Task description:
Once the line with "kitchen featuring gray" is found in the entries below, print it and each following line exactly, stopping after the line with "fresh ground achari masala in a blender"; print nothing else.

Short web captions
================

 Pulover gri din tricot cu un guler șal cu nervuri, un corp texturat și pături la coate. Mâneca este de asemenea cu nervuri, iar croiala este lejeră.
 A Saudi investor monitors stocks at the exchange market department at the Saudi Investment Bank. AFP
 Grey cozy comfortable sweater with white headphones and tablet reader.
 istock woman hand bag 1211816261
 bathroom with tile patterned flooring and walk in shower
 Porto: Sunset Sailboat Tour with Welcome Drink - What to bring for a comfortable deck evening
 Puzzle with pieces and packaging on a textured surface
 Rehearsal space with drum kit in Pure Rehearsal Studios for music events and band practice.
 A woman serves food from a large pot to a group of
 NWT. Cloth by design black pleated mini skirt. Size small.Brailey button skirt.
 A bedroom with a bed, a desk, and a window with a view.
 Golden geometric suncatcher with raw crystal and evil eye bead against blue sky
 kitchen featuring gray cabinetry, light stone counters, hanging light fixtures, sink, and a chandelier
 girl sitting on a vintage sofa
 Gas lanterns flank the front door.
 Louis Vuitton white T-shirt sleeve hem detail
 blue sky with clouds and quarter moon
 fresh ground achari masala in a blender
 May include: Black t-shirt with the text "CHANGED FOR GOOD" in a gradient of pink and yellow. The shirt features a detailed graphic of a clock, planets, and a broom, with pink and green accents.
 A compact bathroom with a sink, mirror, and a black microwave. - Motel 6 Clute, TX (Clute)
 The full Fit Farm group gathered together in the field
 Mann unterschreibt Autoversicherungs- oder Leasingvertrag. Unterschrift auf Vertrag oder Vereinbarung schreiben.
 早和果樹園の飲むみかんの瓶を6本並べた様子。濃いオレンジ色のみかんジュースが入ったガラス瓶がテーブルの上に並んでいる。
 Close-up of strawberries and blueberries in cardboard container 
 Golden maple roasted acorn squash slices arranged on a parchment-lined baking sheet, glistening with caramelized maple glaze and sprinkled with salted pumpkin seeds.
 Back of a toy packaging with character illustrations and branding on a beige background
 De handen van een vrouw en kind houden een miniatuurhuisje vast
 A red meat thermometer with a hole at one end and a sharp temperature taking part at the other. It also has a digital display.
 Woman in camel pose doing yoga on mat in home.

================

Your response:
 kitchen featuring gray cabinetry, light stone counters, hanging light fixtures, sink, and a chandelier
 girl sitting on a vintage sofa
 Gas lanterns flank the front door.
 Louis Vuitton white T-shirt sleeve hem detail
 blue sky with clouds and quarter moon
 fresh ground achari masala in a blender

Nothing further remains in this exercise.